**EXERCISE OBJECTIVE**
From the entries below, print exactly the span beginning with the line holding "Narrative Emotionen: Eine" and ending with the line holding "Conrad and Company: Activity Book 1 (C&C)", endpoints included, and skip any pictures.

**TASK INPUT**
= Beginning of Section =
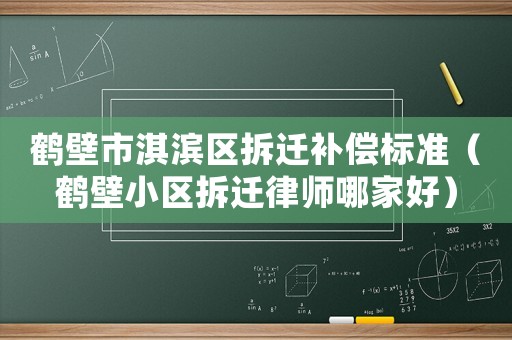 鶴壁市淇濱區拆遷補償標準（鶴壁小區拆遷律師哪家好）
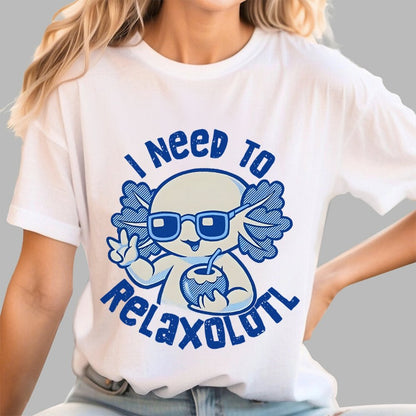I Need To Relaxolotl Geek T-Shirt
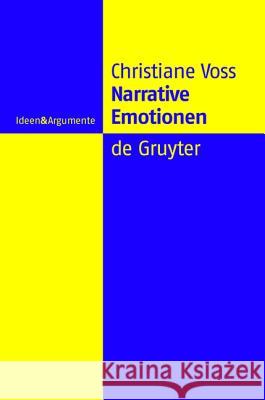 Narrative Emotionen: Eine Untersuchung Über Möglichkeiten Und Grenzen Philosophischer Emotionstheorien Voss, Christiane 9783110179439 Walter de Gruyter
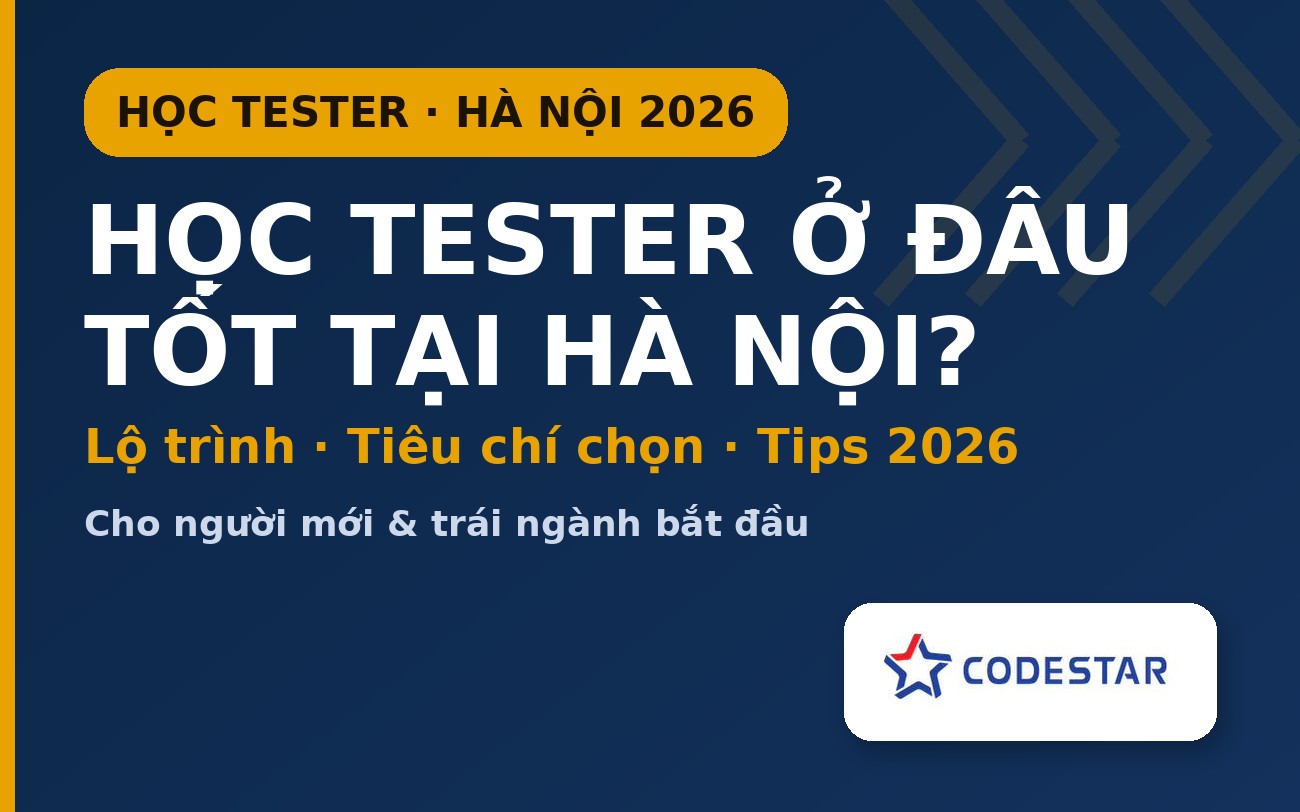 Học Tester ở đâu tốt tại Hà Nội? Cách chọn & lộ trình 2026 | CodeStar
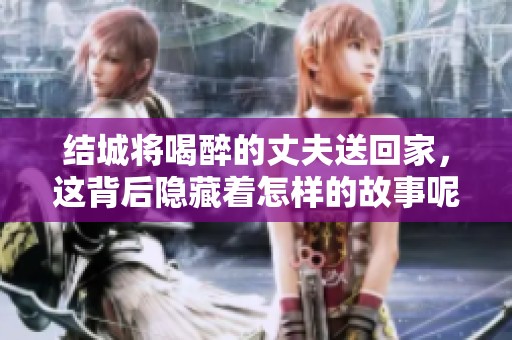 结城将喝醉的丈夫送回家，这背后隐藏着怎样的故事呢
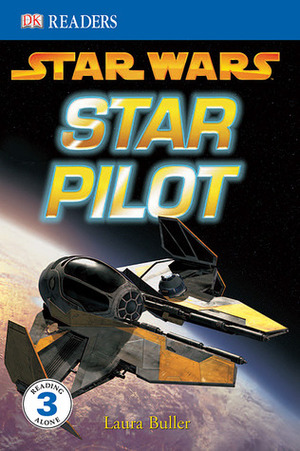 Star Wars: Star Pilot by Laura Buller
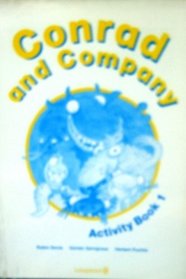 Conrad and Company: Activity Book 1 (C&C)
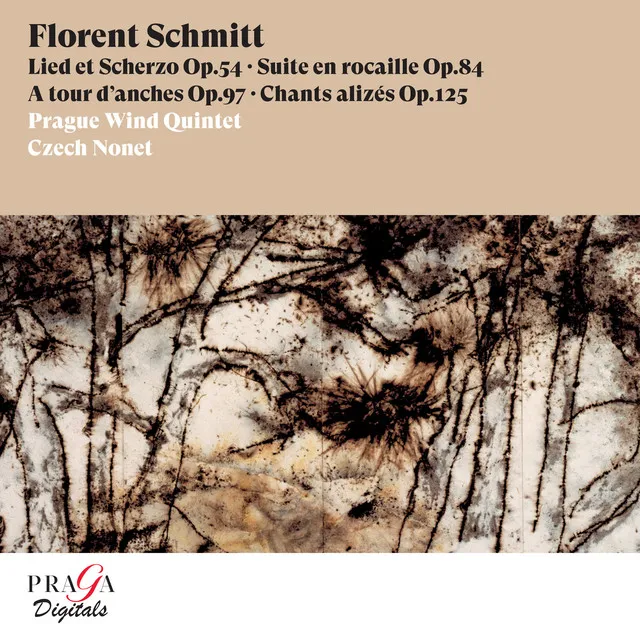 Florent Schmitt: Lied et Scherzo, Suite en rocaille, A tour d'anches, Chants alizés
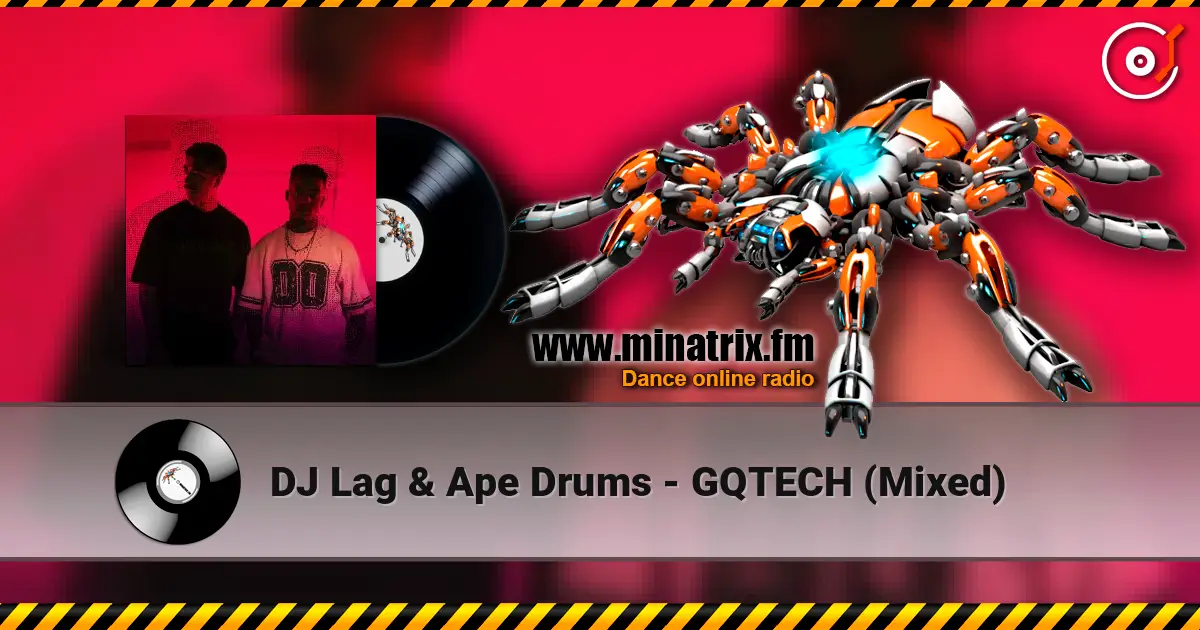 DJ Lag & Ape Drums - GQTECH (Mixed) online in hoher Qualität hören | Minatrix.FM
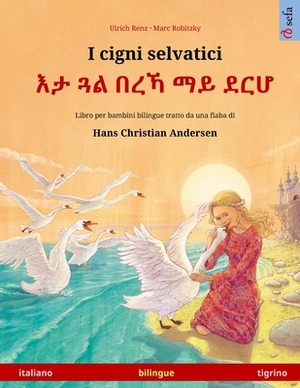 I cigni selvatici - &#4773;&#4723; &#4883;&#4621; &#4704;&#4648;&#4795; &#4635;&#4845; &#4848;&#4653;&#4614; (italiano - tigrino): Libro per bambini b by Ulrich Renz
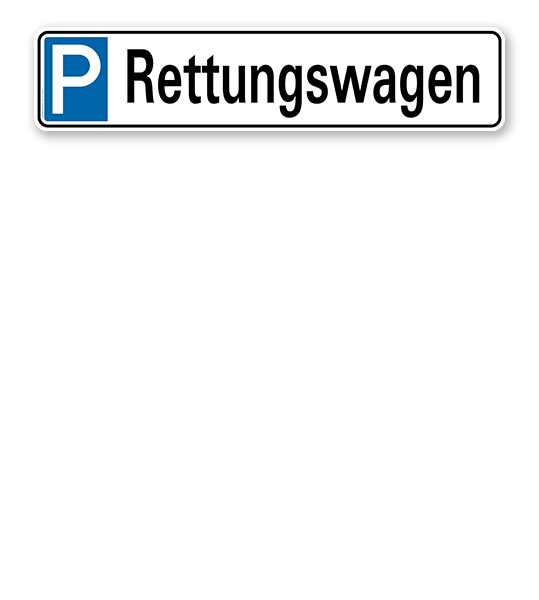 Parkplatzreservierer / Parkplatzschild - Rettungswagen – P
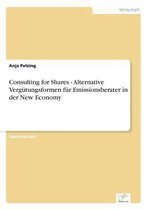Consulting for Shares - Alternative Vergütungsformen für Emissionsberater in der New Economy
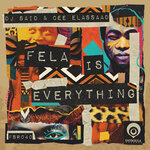 Fela Is Everything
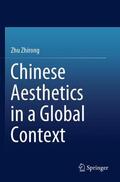 Zhu |  Chinese Aesthetics in a Global Context | Buch |  Sack Fachmedien
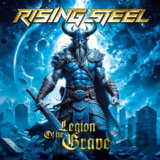 Rising Steel:  Legion Of The Grave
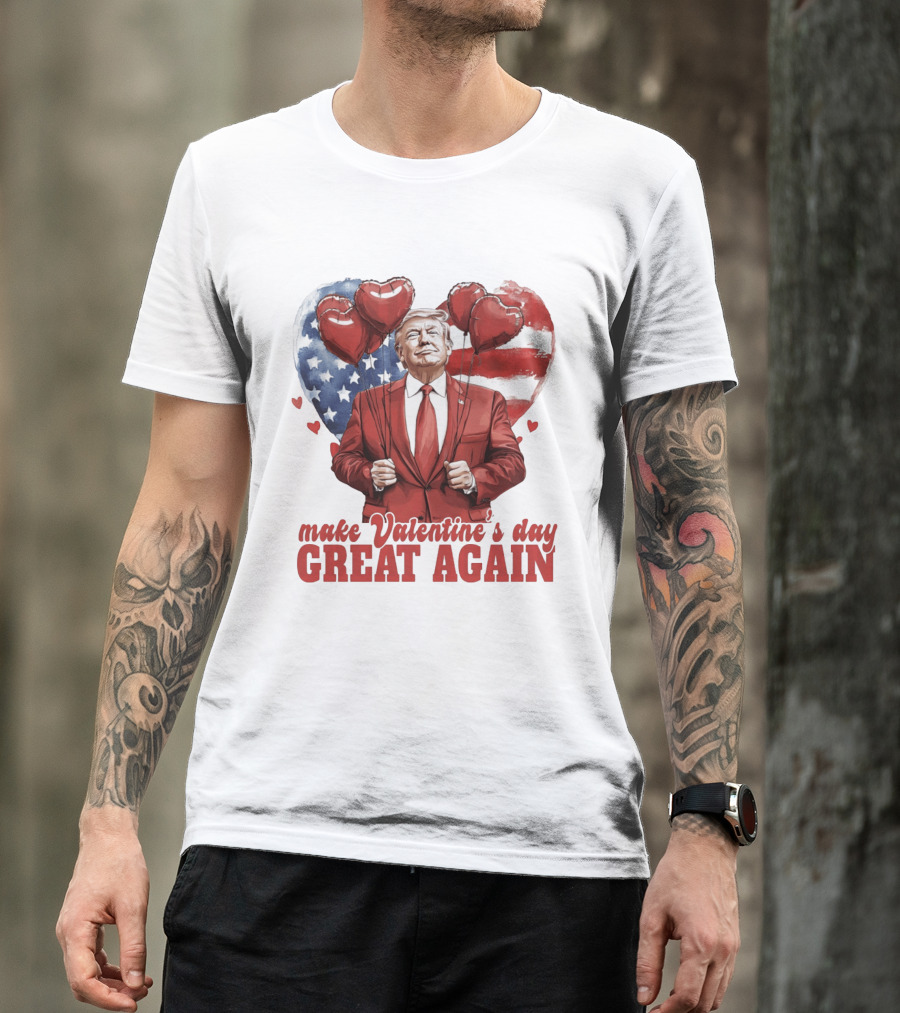Make Valentine's Day Great Again Trump Holding Heart Balloons In Front Of American Flag T-Shirt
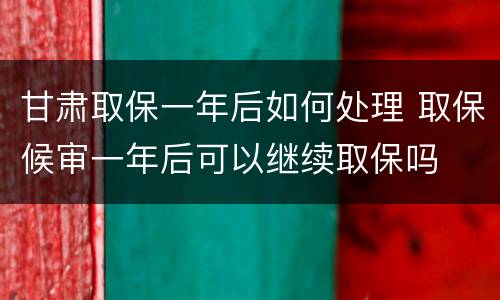 甘肃取保一年后如何处理 取保候审一年后可以继续取保吗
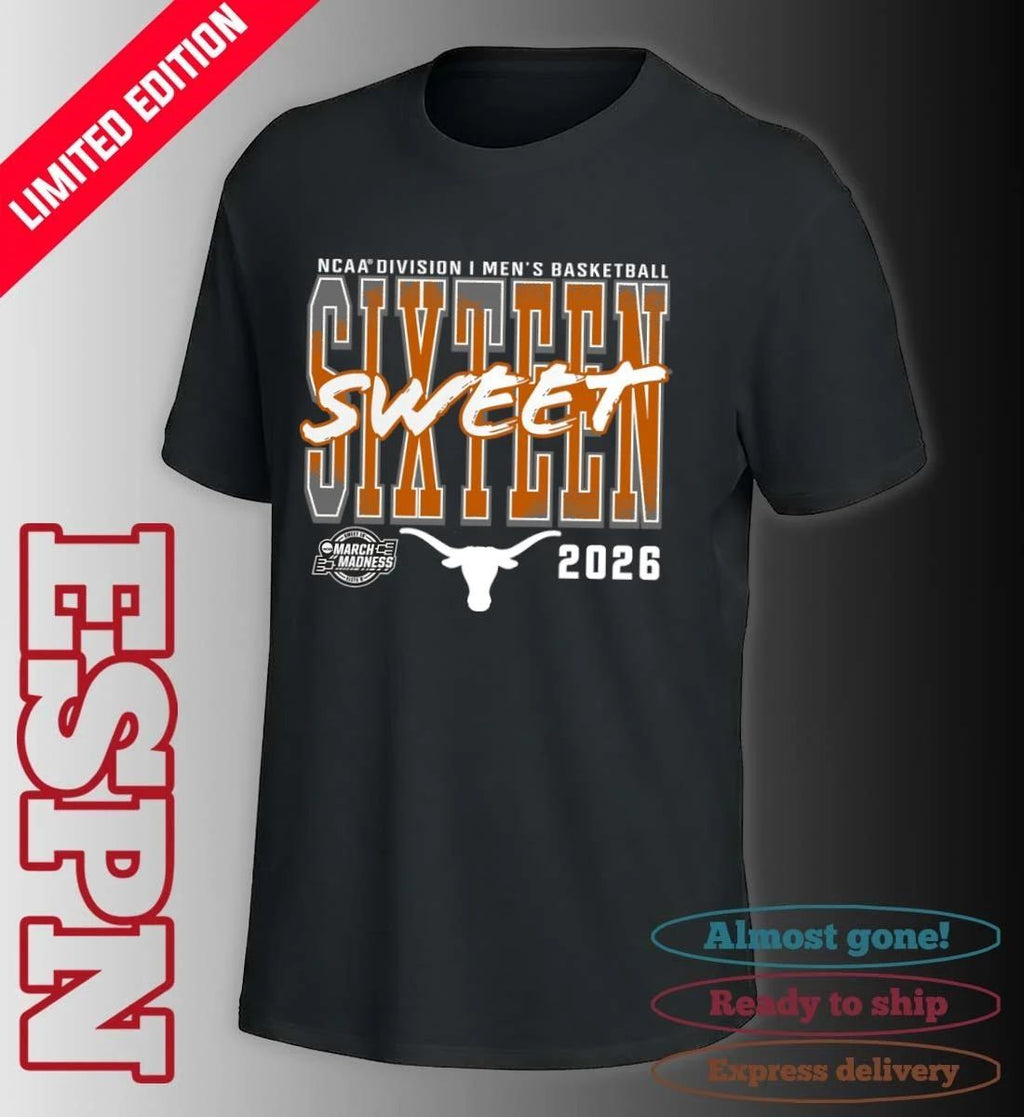 Texas Longhorns 2026 NCAA Men’s Basketball Tournament March Madness Sweet 16 T-Shirt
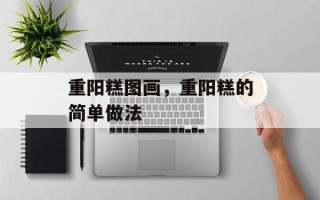 重阳糕图画，重阳糕的简单做法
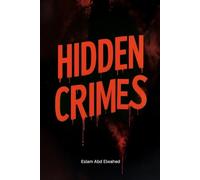 Hidden Crimes: 100 True Stories of Murders Buried in Secrets (Crime & Mystery)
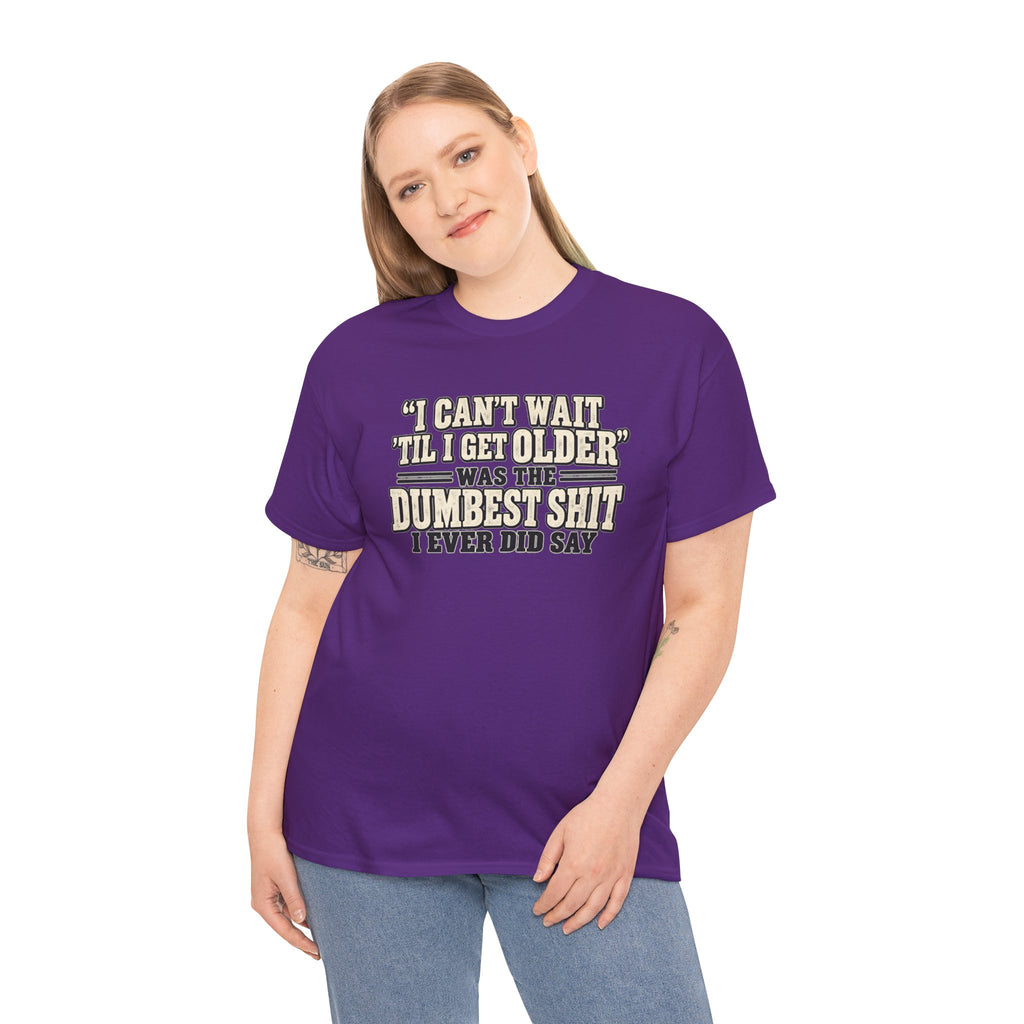 Funny Quote T‑Shirt — "I Can't Wait 'Til I Get Older' Was the Dumbest Shit I Ever Did Say"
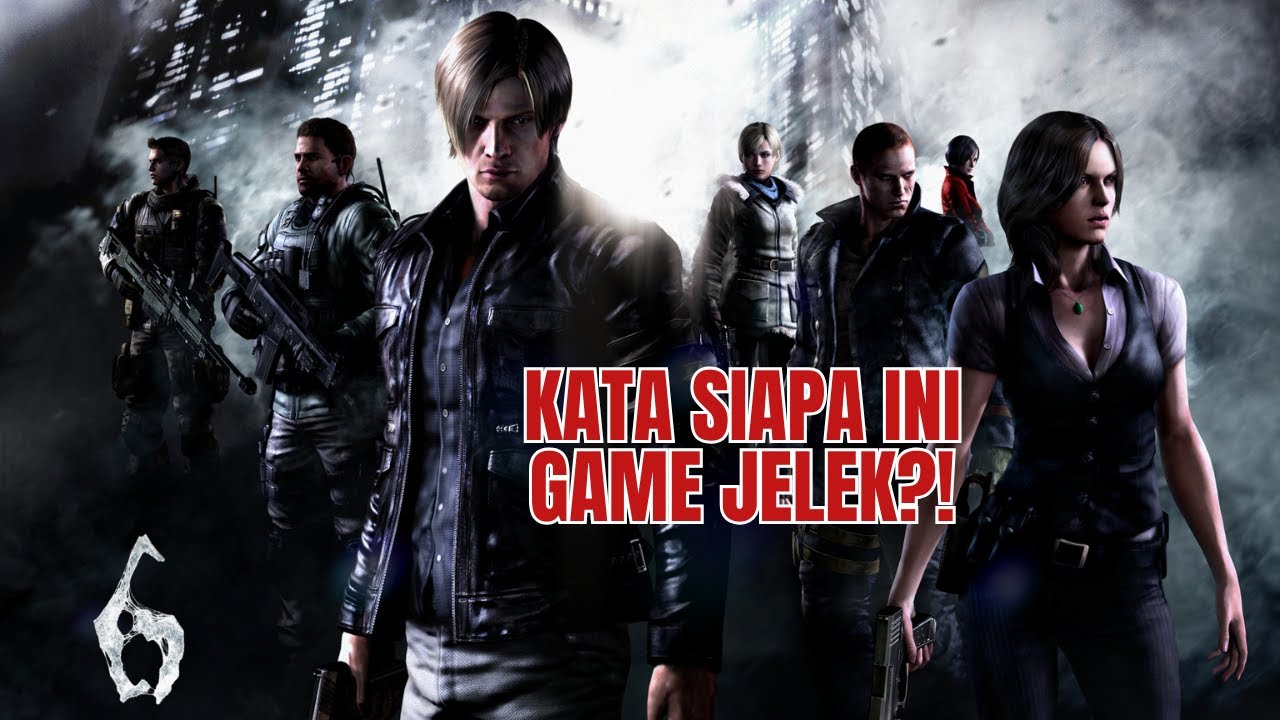7 Alasan Kenapa Resident Evil 6 Gak Sejelek yang Banyak Orang Bilang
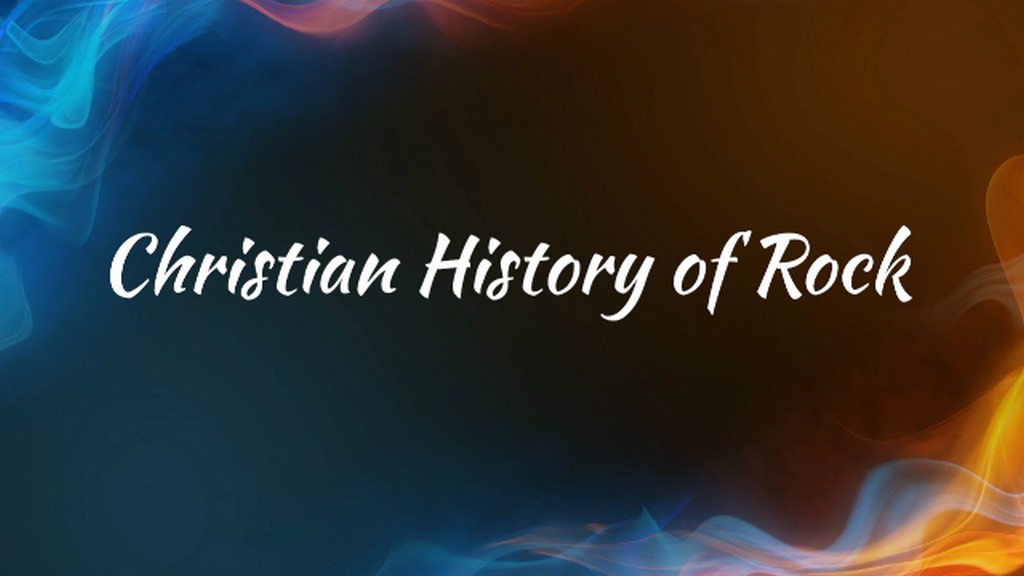Christian History of Rock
= End of Section =
**RESULT**
 Narrative Emotionen: Eine Untersuchung Über Möglichkeiten Und Grenzen Philosophischer Emotionstheorien Voss, Christiane 9783110179439 Walter de Gruyter
 Học Tester ở đâu tốt tại Hà Nội? Cách chọn & lộ trình 2026 | CodeStar
 结城将喝醉的丈夫送回家，这背后隐藏着怎样的故事呢
 Star Wars: Star Pilot by Laura Buller
 Conrad and Company: Activity Book 1 (C&C)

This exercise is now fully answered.